- TASK -
Using the records below, transcribe word for word the stretch from the line that contains "Zdjęcie produktu Ultimate" through the line that contains "Skapis Closico Pallor IX (Melns)", both end lines included, and nothing else.

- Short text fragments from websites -
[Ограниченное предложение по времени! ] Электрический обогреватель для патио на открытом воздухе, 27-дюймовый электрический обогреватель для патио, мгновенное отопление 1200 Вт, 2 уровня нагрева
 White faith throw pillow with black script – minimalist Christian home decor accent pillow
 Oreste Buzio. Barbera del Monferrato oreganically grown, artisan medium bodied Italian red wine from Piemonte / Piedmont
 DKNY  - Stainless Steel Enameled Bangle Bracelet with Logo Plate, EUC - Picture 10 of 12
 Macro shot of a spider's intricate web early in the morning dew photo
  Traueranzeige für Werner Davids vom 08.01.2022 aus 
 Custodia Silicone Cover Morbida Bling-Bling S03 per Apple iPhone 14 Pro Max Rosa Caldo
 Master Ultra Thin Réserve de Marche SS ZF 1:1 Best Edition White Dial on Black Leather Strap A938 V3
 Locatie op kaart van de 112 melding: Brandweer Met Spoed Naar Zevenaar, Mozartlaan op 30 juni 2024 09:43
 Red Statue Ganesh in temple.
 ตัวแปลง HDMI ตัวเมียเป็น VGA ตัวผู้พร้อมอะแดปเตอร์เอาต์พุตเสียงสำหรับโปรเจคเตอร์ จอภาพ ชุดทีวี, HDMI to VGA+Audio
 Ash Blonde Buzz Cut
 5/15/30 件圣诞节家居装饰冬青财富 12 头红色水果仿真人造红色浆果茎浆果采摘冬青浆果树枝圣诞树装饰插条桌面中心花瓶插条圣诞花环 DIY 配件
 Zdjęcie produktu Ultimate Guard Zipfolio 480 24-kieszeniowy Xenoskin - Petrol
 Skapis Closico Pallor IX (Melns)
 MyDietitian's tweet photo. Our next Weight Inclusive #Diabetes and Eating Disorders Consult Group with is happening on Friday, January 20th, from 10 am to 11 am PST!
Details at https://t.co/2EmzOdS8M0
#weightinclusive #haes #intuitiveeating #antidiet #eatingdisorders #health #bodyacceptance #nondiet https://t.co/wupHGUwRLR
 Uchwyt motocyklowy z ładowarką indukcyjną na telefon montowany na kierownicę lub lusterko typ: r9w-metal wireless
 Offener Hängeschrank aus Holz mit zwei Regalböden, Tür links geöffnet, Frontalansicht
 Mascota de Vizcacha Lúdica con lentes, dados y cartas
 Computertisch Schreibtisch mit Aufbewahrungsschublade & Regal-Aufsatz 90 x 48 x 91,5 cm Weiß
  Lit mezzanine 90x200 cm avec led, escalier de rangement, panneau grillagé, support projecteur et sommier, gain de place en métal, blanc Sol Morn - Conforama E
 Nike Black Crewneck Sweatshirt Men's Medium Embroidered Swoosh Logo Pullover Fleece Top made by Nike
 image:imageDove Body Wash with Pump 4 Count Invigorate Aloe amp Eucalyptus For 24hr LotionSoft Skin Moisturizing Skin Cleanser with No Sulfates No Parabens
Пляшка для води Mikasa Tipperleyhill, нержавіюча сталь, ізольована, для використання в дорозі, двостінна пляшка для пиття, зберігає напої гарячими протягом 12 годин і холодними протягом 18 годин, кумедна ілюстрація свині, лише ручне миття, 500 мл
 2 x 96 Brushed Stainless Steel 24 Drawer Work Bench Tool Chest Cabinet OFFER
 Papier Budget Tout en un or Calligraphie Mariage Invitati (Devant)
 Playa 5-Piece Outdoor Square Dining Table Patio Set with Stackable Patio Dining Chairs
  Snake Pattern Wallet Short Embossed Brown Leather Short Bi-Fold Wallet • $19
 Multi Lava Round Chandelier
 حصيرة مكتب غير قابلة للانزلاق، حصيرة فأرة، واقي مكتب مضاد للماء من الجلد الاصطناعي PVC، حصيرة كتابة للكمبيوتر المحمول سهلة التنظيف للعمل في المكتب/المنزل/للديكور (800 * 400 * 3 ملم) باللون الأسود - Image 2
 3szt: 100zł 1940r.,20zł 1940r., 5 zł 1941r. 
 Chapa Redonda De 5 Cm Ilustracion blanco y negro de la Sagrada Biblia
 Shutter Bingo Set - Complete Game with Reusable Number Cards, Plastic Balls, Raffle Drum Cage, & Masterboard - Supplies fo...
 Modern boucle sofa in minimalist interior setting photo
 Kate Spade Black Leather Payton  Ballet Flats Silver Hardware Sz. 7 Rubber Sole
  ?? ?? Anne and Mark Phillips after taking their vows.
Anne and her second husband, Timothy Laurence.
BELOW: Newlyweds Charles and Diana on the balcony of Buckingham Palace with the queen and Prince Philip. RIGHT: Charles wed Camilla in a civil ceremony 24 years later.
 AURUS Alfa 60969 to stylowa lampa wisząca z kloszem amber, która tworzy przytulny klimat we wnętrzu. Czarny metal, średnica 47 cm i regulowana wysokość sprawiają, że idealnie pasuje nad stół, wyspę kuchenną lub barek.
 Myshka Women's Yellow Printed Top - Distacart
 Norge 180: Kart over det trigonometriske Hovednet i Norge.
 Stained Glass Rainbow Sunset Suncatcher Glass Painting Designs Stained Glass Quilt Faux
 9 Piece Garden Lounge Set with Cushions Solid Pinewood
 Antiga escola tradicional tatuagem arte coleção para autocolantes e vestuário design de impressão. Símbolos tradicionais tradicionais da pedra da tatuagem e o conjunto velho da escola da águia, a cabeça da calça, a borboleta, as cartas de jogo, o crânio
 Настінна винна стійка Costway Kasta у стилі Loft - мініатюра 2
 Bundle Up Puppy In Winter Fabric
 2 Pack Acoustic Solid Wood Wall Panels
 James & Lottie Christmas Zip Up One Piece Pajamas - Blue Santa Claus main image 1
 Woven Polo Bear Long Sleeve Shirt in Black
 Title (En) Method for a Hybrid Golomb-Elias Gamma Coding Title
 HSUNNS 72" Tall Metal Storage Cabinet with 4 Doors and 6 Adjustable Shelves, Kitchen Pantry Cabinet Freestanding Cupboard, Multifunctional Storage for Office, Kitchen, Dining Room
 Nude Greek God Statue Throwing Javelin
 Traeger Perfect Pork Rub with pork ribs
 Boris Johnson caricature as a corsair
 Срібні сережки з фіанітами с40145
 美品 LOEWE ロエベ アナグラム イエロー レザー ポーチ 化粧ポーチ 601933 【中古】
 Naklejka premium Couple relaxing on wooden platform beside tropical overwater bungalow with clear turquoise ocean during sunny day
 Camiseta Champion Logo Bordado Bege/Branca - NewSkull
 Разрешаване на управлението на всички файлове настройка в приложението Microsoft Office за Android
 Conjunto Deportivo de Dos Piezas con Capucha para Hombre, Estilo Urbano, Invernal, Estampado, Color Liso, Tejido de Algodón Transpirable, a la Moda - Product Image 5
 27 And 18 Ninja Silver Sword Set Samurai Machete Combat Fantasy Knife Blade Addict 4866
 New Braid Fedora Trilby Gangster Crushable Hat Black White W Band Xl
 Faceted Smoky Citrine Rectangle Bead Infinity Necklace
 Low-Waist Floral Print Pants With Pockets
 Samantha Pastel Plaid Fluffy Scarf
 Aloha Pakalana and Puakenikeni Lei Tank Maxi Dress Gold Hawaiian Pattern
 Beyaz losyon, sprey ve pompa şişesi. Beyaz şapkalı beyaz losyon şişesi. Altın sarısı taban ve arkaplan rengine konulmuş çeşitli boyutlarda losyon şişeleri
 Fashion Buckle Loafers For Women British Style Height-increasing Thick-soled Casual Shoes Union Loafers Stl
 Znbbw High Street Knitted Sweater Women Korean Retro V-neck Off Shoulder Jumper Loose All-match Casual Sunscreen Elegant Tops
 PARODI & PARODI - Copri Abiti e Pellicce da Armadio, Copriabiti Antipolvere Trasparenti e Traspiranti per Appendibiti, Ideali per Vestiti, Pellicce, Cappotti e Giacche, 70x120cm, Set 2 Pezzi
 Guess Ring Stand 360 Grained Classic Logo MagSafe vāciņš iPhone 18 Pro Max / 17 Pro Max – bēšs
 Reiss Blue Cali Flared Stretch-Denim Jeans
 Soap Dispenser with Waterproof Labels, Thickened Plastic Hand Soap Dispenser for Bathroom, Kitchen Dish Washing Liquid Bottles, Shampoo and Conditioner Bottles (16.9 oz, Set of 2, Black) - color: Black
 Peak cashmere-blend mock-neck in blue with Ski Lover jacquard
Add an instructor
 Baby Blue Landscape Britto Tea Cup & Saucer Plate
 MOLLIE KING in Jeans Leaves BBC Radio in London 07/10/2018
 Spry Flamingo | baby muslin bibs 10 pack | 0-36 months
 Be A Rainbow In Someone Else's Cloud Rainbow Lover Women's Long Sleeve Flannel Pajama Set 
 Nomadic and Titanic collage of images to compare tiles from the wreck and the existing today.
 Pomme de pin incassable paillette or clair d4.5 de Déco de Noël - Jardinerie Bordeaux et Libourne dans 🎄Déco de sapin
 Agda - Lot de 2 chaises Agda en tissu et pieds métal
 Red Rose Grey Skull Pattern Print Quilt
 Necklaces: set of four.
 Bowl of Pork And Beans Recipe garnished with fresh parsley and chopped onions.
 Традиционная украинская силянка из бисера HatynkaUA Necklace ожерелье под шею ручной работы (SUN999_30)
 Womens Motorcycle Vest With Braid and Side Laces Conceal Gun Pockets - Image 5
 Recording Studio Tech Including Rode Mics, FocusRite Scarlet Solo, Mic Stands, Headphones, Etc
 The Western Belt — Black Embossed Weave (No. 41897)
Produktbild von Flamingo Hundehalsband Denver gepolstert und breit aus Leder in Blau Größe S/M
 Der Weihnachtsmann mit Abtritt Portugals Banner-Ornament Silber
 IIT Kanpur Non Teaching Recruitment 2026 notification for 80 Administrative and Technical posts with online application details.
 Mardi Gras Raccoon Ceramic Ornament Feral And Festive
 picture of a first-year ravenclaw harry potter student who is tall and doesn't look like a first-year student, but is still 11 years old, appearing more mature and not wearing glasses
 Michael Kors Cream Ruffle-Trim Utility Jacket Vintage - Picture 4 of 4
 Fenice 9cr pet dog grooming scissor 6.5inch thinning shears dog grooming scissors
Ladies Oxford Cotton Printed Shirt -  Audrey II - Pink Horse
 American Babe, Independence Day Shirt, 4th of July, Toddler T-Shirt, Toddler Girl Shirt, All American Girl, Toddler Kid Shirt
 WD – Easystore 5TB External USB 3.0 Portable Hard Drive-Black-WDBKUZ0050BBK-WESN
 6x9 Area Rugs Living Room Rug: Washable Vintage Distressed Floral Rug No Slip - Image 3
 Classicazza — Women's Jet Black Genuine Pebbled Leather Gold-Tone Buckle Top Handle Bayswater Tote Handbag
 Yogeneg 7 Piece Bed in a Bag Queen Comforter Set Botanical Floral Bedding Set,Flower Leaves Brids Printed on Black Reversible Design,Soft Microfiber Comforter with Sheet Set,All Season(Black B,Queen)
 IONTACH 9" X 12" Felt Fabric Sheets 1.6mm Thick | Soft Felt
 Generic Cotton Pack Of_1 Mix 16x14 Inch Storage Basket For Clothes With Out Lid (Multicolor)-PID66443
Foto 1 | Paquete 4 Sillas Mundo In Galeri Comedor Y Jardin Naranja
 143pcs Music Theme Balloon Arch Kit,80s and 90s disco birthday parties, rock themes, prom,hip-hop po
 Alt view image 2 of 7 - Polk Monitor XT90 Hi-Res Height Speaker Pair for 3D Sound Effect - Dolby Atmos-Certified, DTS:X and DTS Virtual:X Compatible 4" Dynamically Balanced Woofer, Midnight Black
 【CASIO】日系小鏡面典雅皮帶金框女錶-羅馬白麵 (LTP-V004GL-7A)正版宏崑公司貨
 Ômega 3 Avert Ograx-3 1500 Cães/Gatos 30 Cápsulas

- OUTPUT OF THE EXERCISE -
 Zdjęcie produktu Ultimate Guard Zipfolio 480 24-kieszeniowy Xenoskin - Petrol
 Skapis Closico Pallor IX (Melns)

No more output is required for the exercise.